In the meantime, Liebmann points out that former WTC retailer Ann Taylor is the only national retailer to initiate new business downtown because its new Ann Taylor Loft store, located at 2 Broadway, is not reliant on office workers for business.

Thanks to Lower Manhattan's growing residential community, “there was still an opportunity to open that space,” she says. “And I think for the most part, that's a very everyday kind of retailer that has a fairly broad appeal in terms of price point and design and it still had a legitimate home that wasn't depending on a huge amount of tourist traffic.”

In other words, Ann Taylor Loft capitalizes on demographics that are independent of tourism, if not completely independent of transportation. Nearby Battery Park City, which boasts market-rate residential units, is home to approximately 10,000 consumers, many of them young professionals.

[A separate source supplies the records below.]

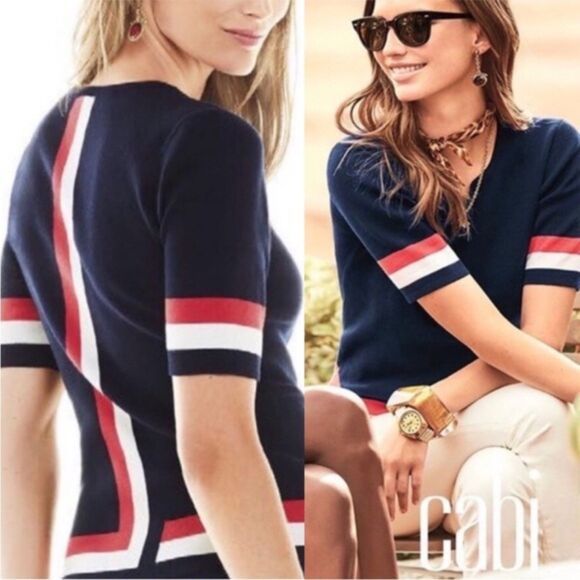 Cabi Nautical Stripe Sweater Tee Size M Navy Red White Preppy Knit Top hampton - Picture 1 of 7
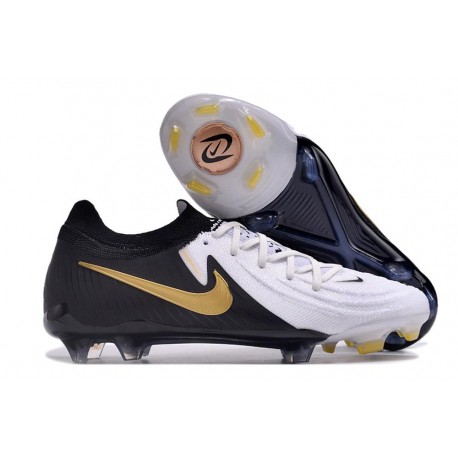 Nike Phantom GX Elite FG Nuovo Bianco Nero Oro Metallizzato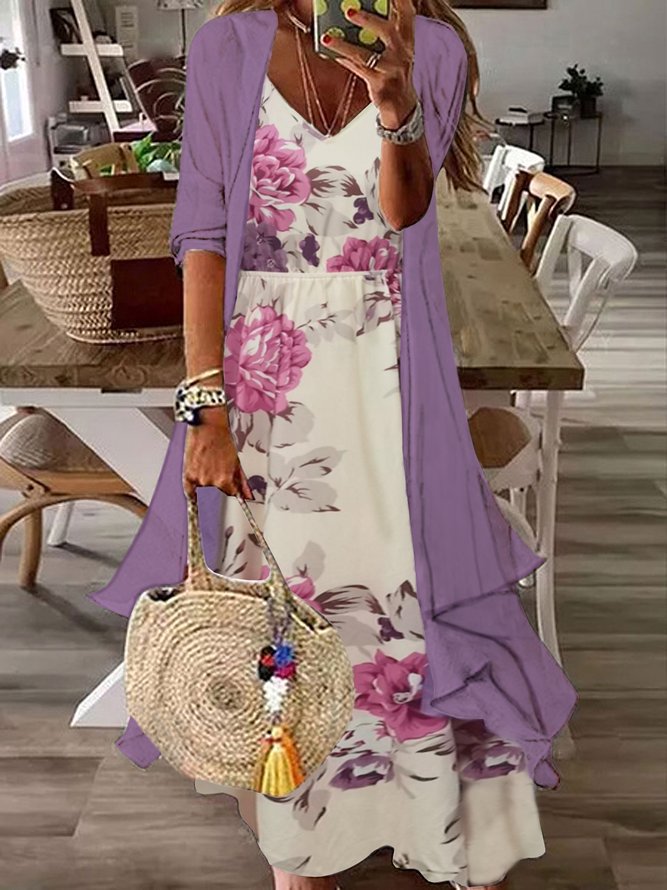 JFN 2PCS V Neck Floral Vacation Dress & Cardigan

Kurland says that new entrants like Ann Taylor Loft will be “few and far between” in such a street-front scenario. Currently, only The Rouse Co.'s South Street Seaport and bargain department store Century 21 are standout successes in a neighborhood not known for its retail amenities. Both rely heavily on tourists.

Potentially, the WTC site can once more have it all. The planned memorial is likely to be-come a major tourist destination. Even if a new Grand Central Station does not materialize, at a minimum there will be the same amount of transportation there. And there will be office workers. The question is whether these ingredients can be reintroduced in sufficient quantities to get back to that magical sales mark of $900 per sq. ft.

David Sokol is a New York-based writer.

AT A GLANCE: The World Trade Center Mall

(As it appeared before Sept. 11)

Tenants: 75
Retail Space: 427,000 sq. ft.
Visitors: 150,000 daily
Sales per sq. ft.: $900
Source: Westfield Corp.

AT A GLANCE: Downtown Demographics

(As of Sept. 11)

Downtown Manhattan population: 25,000*
Average Income: 76% earn more than $90,000 annually; 25% earn more than $210,000 annually
*Number of residents Downtown, excluding Battery Park.